OPEN MIKE BY TIM DANIEL

Finding The Glue To Make Local TV Stick

With all the recent mergers and acquisitions among TV station group owners, the question is no longer whether or not there will be a small group of local TV empires. The question is which ones will succeed and which ones will fail? Empires that succeed and endure have created the best "social glue" and it turns out home-grown glue is the best.  And nobody does local better than local television broadcasters.

With all the recent mergers and acquisitions — Gannett and Belo, Tribune and Local, Sinclair and just about everyone else — we are seeing the end of one era and the beginning of another.  We used to work in loose confederations — with lots of autonomy at the station level, or in tight confederations — sharing autonomy with corporate. No more. We are now rolling up into a small group of local TV empires.  

Empires are built to face down other empires — like the cable guys or the telecoms. Villages (smaller sized station groups) don’t’ stand a chance in a battle of the titans. Empires are also built to throw back or absorb the barbarians — disruptive, dis-intermediating plays like Aereo and all those social, digital and mobile pure plays.

Business empires are built to join them if you can’t beat them — to own the new technologies and make the rules around them instead of living by the rules laid down by the barbarians. Empires are the only entity that can play hard, sustain the fight and win in the wars for spectrum and retransmission revenue. So this is no random thing or passing fad. Empires are here to stay because the situation we face today demands it.  

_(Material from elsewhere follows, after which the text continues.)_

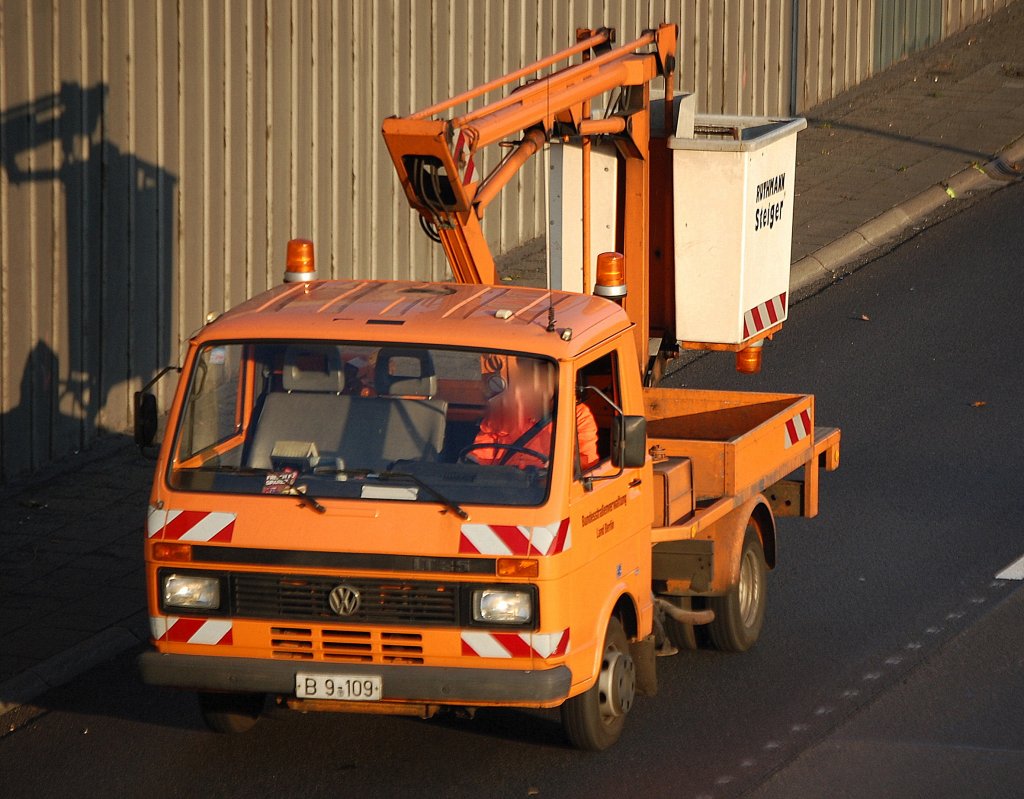 VW LT 35 Transporter mit RUTHMANN/STEIGER Hydraulikarbeitsb�hne als Aufbau der Bundesstra�enverwaltung Land Berlin, 18.10.10 Berliner Stadtautobahn H�he Knobelsdorffstr.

The question is no longer whether or not there will be a small group of local TV empires. The question is which ones will succeed and which ones will fail?

As Yale Law School Professor Amy Chau writes in her 2007 book, Day of Empire: How Hyperpowers Rise to Global Dominance — and Why They Fail, it is a story about social glue.

Empires that succeed and endure have created the best glue.  The glue is what makes an empire work. The glue performs three functions:

BRAND CONNECTIONS

  • It attracts and keeps the best minds and puts them to work on the biggest opportunities.
  • It causes those minds to privately choose to fight together as a disciplined unit.
  • It causes local people across multiple locations to publically fight for a shared future.

Let’s consider each function of the glue. No single company has a monopoly on genius. Original thinkers who actually do things are rare and widely scattered across many companies and industries. In villages you’re pretty much stuck with the normal percentage of geniuses — a very low number. Villages stagnate. They rarely leap forward. They die for lack of breakout ideas.

Empires attract a disproportionate share of genius. They cherry pick the best minds from all the villages – and even from other industries. A critical mass is reached when enough of the best minds are working on the hardest problems and biggest opportunities.

Think about Google. It attracts, deploys and organizes enough of the world’s minds to launch one game-changer after another. Empires change the course of history with jaw-dropping achievements. 

But the glue does something else that is just as essential but much harder to quantify or replicate. It can’t be bought off the shelf. Just because brilliant people are brought together doesn’t mean they will work together. Successful empires give these people more reason to fight alongside each other than to fight against each other.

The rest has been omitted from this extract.